Environment variables can be use similarly to shell variables within a running shell instance: uses of the are substituted with the string they are assigned. You cannot tell by looking at a referenced variable whether it was a shell variable or an environment variable:
$shell_variable="this is a shell variable"
export $env_variable="this is an environment variable"
echo "$shell_variable, and $env_variable"
# prints:
# this is a shell variable, and this is an environment variable
However, there are two key differences between environment variables and shell variables.

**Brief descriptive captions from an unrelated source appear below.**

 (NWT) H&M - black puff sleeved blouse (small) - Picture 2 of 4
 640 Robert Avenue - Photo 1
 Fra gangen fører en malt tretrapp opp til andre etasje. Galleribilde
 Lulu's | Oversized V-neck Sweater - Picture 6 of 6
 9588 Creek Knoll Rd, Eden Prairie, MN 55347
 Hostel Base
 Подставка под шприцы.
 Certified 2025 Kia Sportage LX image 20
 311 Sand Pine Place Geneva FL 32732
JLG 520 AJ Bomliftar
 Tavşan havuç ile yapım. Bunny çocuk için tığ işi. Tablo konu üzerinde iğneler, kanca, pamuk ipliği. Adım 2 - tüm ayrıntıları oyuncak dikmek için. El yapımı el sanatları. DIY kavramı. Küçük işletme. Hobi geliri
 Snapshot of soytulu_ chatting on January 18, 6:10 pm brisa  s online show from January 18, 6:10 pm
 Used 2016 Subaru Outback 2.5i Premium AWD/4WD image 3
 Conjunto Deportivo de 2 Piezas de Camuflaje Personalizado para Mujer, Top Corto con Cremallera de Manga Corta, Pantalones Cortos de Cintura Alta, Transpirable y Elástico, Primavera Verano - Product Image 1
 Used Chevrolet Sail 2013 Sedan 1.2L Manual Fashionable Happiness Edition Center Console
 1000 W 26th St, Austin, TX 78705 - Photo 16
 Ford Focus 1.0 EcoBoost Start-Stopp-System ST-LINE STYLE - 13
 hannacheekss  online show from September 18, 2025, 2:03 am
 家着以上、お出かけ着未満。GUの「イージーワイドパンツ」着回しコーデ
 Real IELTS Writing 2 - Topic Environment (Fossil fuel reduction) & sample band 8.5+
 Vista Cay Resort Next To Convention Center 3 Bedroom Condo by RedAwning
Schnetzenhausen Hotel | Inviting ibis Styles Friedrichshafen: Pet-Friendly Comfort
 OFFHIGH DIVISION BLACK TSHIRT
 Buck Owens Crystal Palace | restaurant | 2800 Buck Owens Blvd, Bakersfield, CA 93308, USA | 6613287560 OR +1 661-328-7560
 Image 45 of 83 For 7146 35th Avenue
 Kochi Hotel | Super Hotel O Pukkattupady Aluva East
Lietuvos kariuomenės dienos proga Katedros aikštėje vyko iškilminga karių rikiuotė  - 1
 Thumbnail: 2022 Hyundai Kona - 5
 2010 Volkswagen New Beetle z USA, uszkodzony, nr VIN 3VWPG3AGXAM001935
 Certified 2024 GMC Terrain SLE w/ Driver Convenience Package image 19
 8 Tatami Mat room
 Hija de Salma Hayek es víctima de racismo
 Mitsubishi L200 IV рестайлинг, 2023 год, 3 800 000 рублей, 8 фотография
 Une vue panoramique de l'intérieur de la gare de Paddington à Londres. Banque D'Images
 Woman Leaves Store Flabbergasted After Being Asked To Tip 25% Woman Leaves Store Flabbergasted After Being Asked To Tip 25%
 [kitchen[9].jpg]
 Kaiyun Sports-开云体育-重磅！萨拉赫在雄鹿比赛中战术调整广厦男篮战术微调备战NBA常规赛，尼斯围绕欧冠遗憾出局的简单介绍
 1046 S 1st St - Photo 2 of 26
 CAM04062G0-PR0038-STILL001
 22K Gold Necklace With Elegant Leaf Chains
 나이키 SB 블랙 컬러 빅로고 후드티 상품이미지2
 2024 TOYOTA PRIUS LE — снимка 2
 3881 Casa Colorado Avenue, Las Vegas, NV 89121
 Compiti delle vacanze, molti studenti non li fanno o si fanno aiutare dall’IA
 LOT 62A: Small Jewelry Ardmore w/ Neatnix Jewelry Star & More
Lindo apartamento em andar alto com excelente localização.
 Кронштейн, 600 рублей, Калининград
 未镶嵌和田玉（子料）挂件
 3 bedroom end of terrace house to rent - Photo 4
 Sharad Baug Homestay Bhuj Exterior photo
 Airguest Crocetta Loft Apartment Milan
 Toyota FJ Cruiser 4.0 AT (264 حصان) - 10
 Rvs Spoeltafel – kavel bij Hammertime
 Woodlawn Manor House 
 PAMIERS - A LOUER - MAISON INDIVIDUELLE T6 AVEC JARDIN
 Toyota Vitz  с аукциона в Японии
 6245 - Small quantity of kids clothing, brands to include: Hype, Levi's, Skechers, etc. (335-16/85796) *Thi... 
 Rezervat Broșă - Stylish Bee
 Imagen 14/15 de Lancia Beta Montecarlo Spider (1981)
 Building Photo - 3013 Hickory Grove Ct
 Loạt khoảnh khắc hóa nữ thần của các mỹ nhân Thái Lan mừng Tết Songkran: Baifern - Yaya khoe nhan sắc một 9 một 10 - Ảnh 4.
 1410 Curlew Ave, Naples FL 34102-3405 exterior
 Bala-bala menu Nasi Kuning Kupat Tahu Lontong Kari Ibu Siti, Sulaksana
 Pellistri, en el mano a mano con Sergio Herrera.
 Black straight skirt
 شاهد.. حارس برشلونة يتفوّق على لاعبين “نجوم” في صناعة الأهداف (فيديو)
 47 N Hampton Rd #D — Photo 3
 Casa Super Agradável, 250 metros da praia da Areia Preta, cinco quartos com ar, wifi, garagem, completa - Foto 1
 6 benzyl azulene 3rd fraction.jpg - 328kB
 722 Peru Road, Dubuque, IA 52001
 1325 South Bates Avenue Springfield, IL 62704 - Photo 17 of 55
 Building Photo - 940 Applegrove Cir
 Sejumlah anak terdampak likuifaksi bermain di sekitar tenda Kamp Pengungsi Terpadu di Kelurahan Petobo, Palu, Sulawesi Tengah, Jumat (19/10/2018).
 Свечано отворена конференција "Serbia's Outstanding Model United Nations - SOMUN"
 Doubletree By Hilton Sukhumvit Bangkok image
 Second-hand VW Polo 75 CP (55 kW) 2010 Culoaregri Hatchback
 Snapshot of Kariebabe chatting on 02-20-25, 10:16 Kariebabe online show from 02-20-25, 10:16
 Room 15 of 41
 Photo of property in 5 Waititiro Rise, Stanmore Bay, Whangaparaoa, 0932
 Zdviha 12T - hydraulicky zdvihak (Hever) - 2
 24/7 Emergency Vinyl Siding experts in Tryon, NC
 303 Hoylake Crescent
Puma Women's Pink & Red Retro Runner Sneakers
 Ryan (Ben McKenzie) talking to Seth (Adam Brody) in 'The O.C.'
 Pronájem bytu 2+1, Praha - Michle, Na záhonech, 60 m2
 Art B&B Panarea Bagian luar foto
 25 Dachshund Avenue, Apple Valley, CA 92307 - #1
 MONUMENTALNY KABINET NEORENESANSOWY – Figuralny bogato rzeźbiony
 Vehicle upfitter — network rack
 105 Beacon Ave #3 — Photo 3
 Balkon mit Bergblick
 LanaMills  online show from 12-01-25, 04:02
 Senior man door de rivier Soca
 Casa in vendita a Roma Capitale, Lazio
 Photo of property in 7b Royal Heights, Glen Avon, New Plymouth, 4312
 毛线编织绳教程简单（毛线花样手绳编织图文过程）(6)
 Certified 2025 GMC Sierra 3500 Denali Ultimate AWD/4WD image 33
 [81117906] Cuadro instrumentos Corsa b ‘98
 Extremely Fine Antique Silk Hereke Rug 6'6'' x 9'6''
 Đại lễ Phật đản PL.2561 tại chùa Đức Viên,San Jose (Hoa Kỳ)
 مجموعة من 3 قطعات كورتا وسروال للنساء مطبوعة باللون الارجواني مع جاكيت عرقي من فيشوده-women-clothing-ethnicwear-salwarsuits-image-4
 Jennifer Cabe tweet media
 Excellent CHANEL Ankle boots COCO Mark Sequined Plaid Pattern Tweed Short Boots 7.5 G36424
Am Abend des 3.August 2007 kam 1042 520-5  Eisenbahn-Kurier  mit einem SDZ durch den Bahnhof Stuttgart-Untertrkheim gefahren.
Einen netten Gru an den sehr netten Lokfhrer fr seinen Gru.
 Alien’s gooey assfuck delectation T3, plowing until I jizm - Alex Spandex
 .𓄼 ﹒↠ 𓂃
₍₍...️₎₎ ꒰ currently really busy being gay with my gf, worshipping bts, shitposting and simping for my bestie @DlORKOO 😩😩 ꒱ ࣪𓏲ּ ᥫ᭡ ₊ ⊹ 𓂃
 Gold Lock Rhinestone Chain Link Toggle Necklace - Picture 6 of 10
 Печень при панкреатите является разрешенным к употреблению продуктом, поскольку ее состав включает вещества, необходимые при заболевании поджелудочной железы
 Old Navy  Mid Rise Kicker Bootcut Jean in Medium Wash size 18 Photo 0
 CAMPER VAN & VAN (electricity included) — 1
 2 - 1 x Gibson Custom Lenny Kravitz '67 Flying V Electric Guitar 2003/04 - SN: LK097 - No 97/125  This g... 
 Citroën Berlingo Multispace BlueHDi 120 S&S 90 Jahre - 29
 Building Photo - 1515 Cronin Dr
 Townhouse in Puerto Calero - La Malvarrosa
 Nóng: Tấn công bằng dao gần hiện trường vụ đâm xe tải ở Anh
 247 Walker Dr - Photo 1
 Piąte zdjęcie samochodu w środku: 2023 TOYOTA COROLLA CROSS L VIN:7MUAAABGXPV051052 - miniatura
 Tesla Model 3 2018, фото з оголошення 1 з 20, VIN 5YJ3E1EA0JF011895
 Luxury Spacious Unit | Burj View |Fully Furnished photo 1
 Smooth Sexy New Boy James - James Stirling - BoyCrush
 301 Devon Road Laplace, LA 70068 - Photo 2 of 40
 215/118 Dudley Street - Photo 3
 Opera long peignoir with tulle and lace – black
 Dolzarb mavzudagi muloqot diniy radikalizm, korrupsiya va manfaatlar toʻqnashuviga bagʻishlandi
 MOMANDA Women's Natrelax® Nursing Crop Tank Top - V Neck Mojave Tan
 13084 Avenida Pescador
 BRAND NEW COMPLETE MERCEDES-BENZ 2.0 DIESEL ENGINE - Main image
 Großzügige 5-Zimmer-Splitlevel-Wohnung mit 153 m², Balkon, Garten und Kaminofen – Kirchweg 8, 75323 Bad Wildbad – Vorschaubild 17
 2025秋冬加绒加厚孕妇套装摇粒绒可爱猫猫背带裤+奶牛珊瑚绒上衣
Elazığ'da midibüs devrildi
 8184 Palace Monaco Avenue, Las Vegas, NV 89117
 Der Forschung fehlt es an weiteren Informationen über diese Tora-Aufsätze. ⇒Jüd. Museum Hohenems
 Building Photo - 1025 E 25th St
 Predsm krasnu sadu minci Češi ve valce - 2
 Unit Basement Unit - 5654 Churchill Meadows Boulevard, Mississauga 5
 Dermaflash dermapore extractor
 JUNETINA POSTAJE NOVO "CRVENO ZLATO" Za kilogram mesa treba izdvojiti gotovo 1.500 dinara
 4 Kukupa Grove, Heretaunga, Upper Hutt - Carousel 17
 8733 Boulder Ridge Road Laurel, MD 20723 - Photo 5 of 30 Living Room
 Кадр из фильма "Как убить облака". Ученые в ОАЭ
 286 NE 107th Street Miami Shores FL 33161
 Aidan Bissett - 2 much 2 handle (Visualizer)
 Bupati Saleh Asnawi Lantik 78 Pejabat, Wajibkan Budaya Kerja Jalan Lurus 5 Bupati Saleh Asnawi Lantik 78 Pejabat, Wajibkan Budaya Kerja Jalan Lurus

It's a common mistake to think of environment variables as something controlled by the shell. In fact, in Unix-like operating systems, any program can set and get environment variables, not just shells. Your favorite programming language has a module in the standard library with functions to set and get environment variables for the currently running program. For instance, this module is named os
in Python, Node.js, Go, and others. Here's a small program in Go that would set and get an environment variable:
package main
import "os"
func main() {
os.Setenv("env_var_name", "some value")
envVar := os.Getenv("env_var_name")
println(envVar) // will print 'some value'
}
We might think environment variables have something to do with shells because we will typically run programs from our shells shell (like, go run env_var.go
), but there is no relationship. This program in Go could be compiled and run by a scheduler (like cron
) or an init system (like launchd
or systemd
) with no shell, and it would work the same.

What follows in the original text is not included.